Ruedo, siendo un huevo, sobre
un desierto clemente. Caigo en dunas de aspectos morfológicamente inaparentes.
Caigo, y en mi caída preconizo alivios.
Son serpenteantes mis saltos cuando
lidero las misas de voracidades. No he comido durante varias noches de
altividades efímeras. No he reposado, no me he detenido y continúo saltando.
Quieto, creo haber alcanzado
un oasis, una oración, una premisa; quieto, no soy más que un huevo refugiado
bajo la noche cuyos días alternan servidumbre de procreaciones aisladas.
La oscuridad me otorgará el
fin de cada una de las penurias. Salto y lo devoro; serpenteo y lo alcanzo.
Desde ahora solo bifurcaré estigmas de rugidos impacientes, siendo víbora
alimentada. Desde ahora comprenderé el salto voraz, la plenitud de los segundos
acechando sin manos huestes de figurativas desolaciones.

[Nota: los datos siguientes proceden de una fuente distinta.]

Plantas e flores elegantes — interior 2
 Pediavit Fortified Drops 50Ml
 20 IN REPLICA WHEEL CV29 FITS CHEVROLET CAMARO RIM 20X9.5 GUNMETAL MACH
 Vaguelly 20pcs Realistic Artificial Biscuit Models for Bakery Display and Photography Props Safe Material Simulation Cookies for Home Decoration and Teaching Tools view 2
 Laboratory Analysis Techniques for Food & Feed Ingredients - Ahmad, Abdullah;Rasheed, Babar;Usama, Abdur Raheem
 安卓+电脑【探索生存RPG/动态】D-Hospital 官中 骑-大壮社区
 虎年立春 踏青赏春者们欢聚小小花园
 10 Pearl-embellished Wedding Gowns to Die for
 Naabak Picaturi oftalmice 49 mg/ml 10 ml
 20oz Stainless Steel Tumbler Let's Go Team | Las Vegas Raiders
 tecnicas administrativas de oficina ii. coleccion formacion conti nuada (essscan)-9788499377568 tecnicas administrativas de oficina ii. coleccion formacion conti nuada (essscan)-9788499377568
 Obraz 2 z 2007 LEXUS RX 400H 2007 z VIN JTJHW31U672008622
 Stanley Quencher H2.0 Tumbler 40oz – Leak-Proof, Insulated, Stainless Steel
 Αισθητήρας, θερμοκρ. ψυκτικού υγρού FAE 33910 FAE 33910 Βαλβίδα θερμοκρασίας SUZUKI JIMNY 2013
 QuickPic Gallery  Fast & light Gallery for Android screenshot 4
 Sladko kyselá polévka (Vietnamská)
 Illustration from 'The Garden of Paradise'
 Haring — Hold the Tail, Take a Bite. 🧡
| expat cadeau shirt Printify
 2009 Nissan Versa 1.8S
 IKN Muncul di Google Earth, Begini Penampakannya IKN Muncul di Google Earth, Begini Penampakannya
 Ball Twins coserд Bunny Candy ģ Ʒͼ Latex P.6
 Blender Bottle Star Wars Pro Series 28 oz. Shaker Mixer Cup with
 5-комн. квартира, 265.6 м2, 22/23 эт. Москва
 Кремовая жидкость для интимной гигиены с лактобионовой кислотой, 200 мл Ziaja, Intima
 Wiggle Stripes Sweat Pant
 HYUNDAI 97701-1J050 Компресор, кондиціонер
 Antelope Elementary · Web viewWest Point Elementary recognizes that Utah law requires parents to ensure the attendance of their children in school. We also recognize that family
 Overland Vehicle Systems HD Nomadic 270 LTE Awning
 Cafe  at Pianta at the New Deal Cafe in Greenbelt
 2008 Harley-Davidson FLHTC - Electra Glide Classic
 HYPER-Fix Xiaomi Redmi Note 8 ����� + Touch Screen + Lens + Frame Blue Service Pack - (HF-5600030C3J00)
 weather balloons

Caigo sobre el desierto. Aún
no despierto tempestades; aún no rujo en mares, soy gota mezclándose densa
contra los subterfugios de un razonamiento imperturbable.
Serpenteando, salto; voy y
vengo augurando irme, huir ante la impasibilidad de un goteo. Pero nada me
albergará, nada me dará cobijo mientras espere el exilio hacia lejanos bosques.
Rocío las arenas. Cada gotear
es llovizna preclara de horizontes diluviales. Soy manto pronto a tronar y
aislar aguas hasta reproducirse.
Me aplasta, me subsume, me
corroe la lluvia hasta raptarme y hacerme partícipe de sus cóleras.
Profundidades en las alturas descienden y yo voy con ellas.
Soy gota serpenteando bajo una
tormenta sin melindres espasmódicos. Soy víbora de agua llamando a los vientos
por más líquidos uniéndoseme hasta derribar dunas y apoderarme del trono de
arenas húmedas al claro de un sol testigo.